In an August 27 memo to city attorney Mara Elliott, Gomez said San Diego's recently passed ordinance, which makes it easier for property owners to build companion units on their properties, should not apply to the College Area. Doing so, reasoned Gomez, could cause additional impacts to traffic, parking, and impose a strain on police and fire safety.
“Empirical proof that the College Area substantiates the need for extra traffic control is the fact that there is a Parking Impact Overlay Zone covering approximately a one mile radius from [San Diego State University]," reads Gomez’s August 27 memo.
"Approximately 813 'mini-dorms' currently exist in the College Area, consisting of 6 to 10 bedrooms built in what was originally planned as a 3-bedroom home. Building such dense homes in these zones has unduly created high parking demand and traffic congestions, as most students have cars, and has negatively impacted the College Area."
Gomez fears the allowance of granny flats in the College Area would make matters worse.

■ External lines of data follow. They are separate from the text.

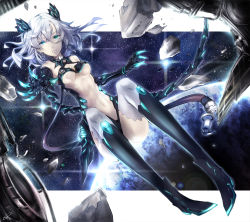 Rule 34 | 1girl, bad id, bad pixiv id, black thighhighs, blue eyes, bodysuit, boots, breasts, center opening, claws, debris, earth (planet), full body, glowing, grey hair, halterneck, highres, knee boots, legs up, leotard, looking at viewer, lying, midriff, navel, on back, original, planet, pokimari, skinny, stomach, thighhighs, underboob, white thighhighs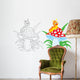 Caterpillar and fly agaric Wall Decal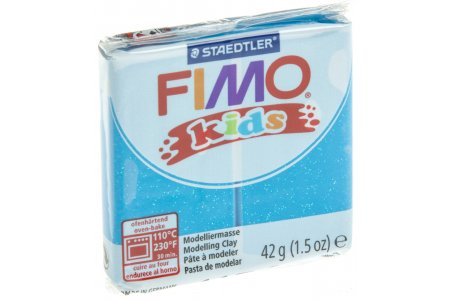 Полимерная глина FIMO kids, блестящий синий (312), 42гр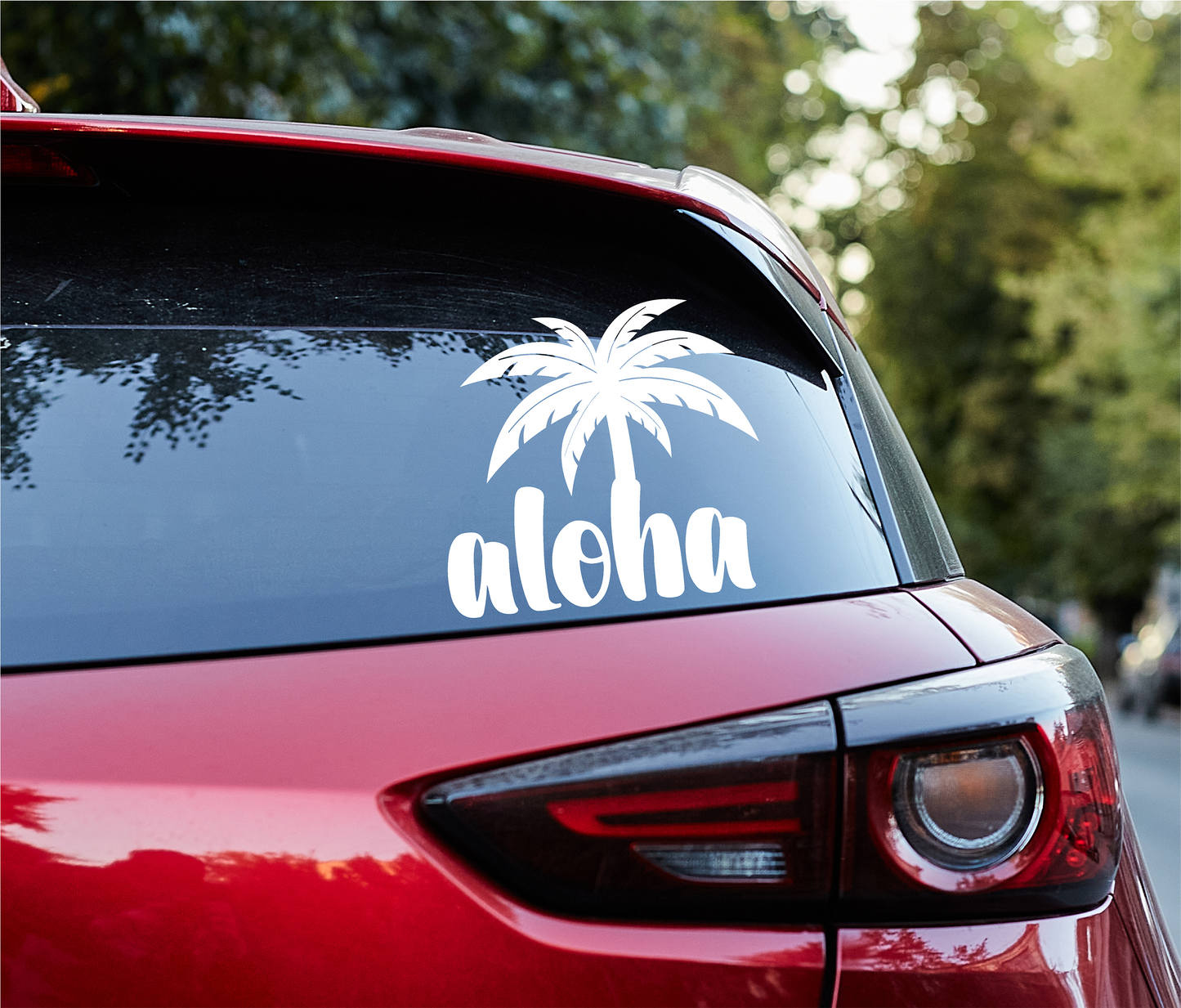 Aloha with a Palm Tree growing out of the H Decal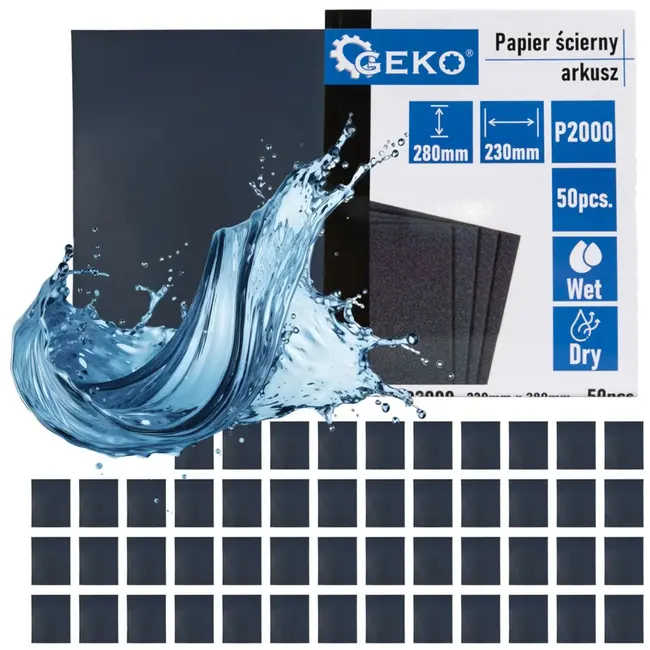 GEKO Waterproof schuurpapier - fijn korrel P2000 - 230x280 mm - nat en droog gebruik - 50 stuks
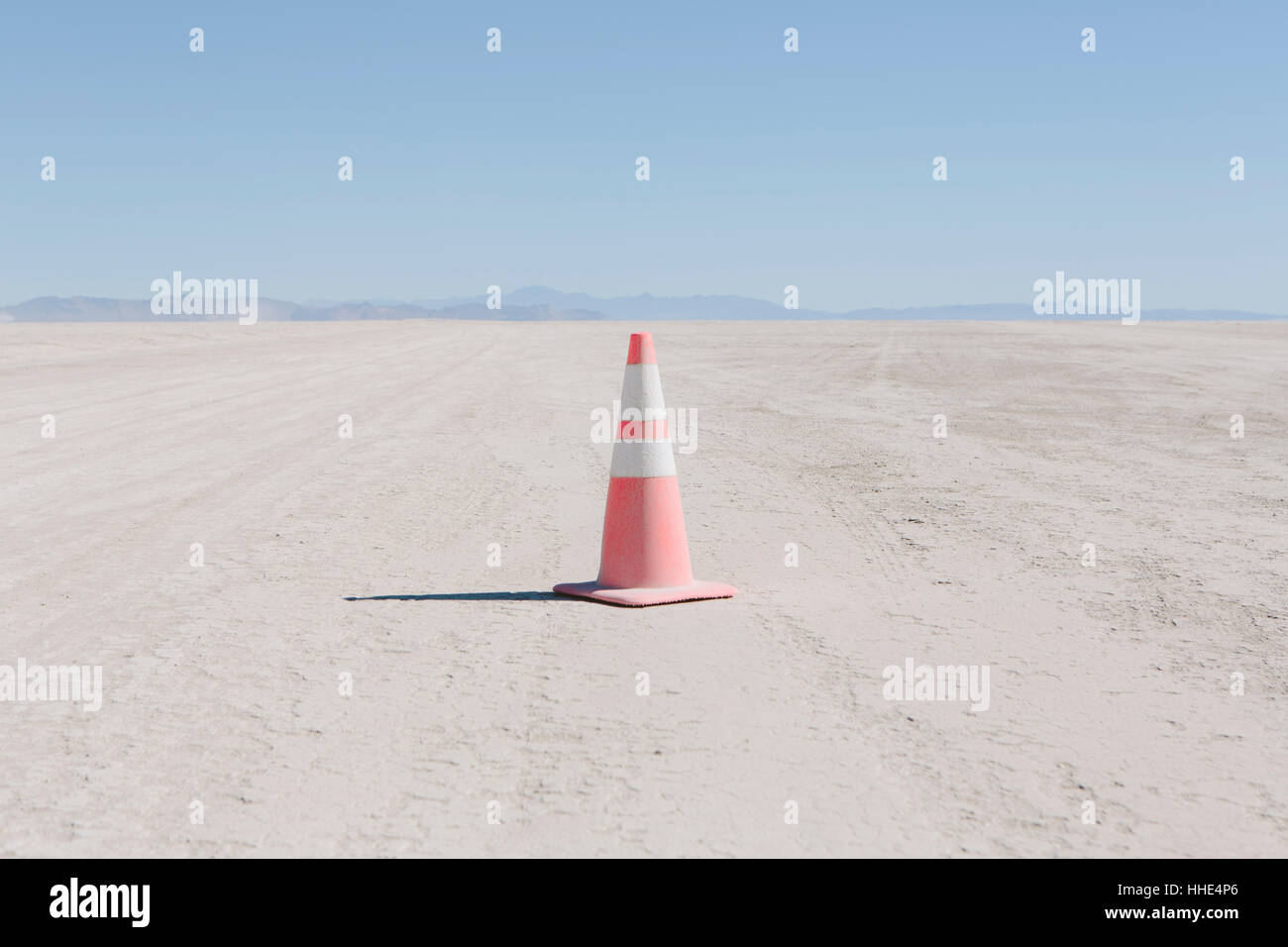 Traffic cone in vast desert, Black Rock Desert, Nevada Stock Photo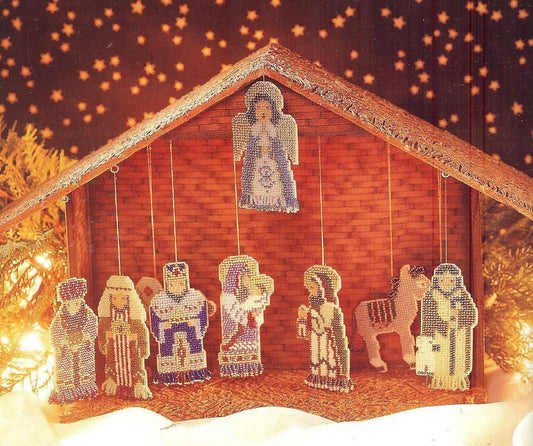 Vintage Christmas Beading Pattern Nativity Scene Ornaments & Wood Creche Display PDF Instant Digital Download Perforated Paper Holiday Craft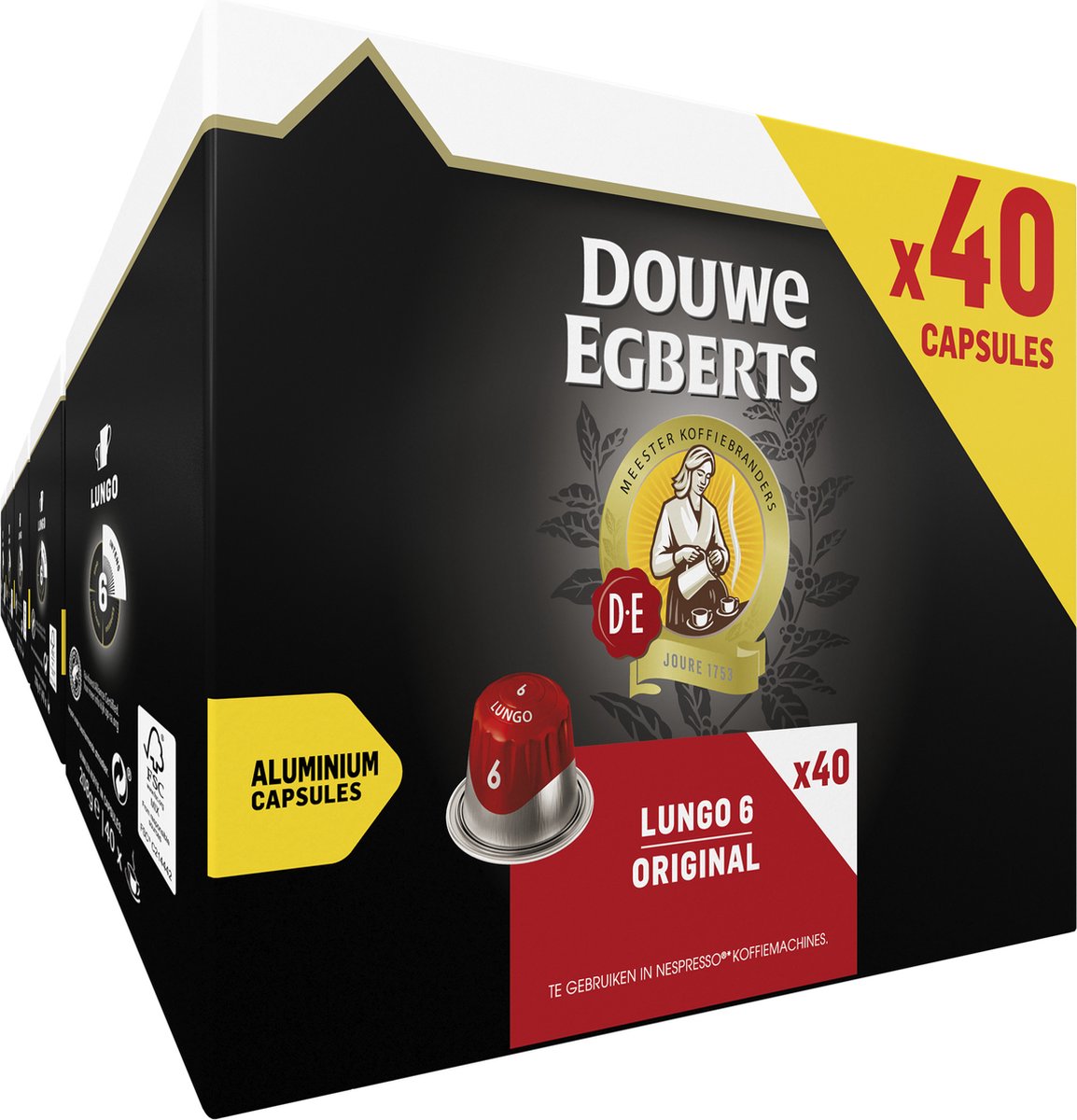 Goedkoopste Douwe Egberts Lungo Original Koffiecups - Intensiteit 6/12 - 5 x 40 capsules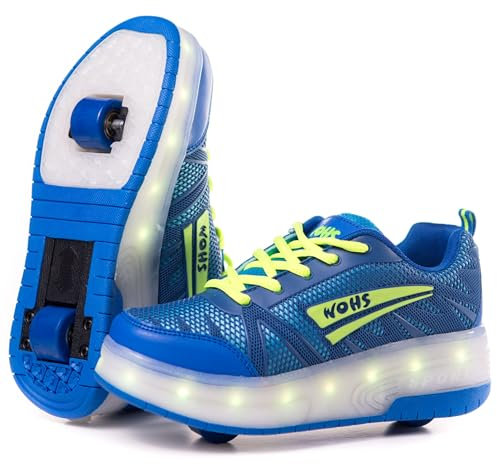 WOHS Turnschuhe mit Zwei Rädern und LED-Leuchten. Wiederaufladbar, 16 Lichteffekte. Automatisches Hinterrad. Blau/Grün. Größe 36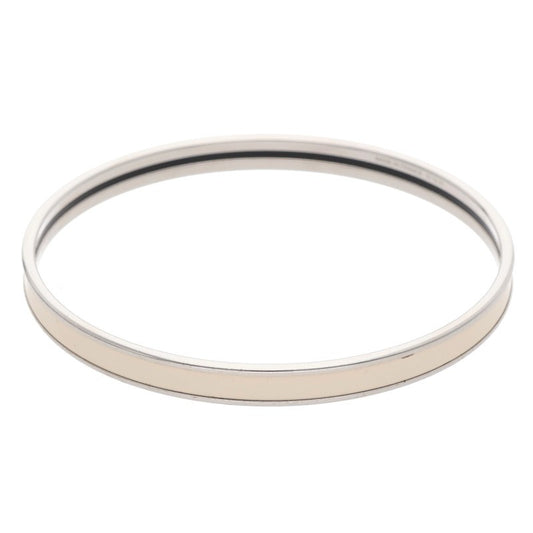 HERMES Uni Enamel Bracelet Silver Off-White Size ONE SIZE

But excluding certain neighborhoods from a citywide ordinance could come at a cost.
In June of this year, a San Diego Superior Court judge temporarily struck down the city's high-occupancy ordinance, also referred to as the mini-dorm ordinance, because it opened the door for potential discrimination on a single group of residents.
"In short," read judge Ronald Styn's June 30 ruling, "if the city wants to address problems associated with overcrowded detached homes, it should do so with a law that applies 'evenly to all households.'"
It was the second time in two decades that the city suffered a legal defeat over its attempt to fight mini-dorms. But despite the legal challenge and subsequent defeat, attorneys for the city say an amendment to exclude the College Area could be adopted.
In a September 8 opinion, deputy city attorney Corrine Neuffer wrote that the city can make such exclusions if there is substantial evidence that allowing companion units to be built would burden public safety.
"For the City Council to exempt the Parking Impact Overlay Zone area in the College Area Community from the Companion Unit Ordinance, substantial evidence must be in the record that the area does not have adequate services to provide for the addition of accessory dwelling units, that accessory dwelling units will have an impact on traffic flow and public safety in the area, or other similar criteria.
"A court will uphold the City Council’s decision if it is supported by substantial evidence in the record."
Councilmembers are expected to give the final reading of the new Companion Unit Ordinance during the September 12 city-council meeting. A proposal to exclude the College Area, however, will have to wait due to insufficient notice.
A spokesperson for Gomez was unable to respond in time for publication.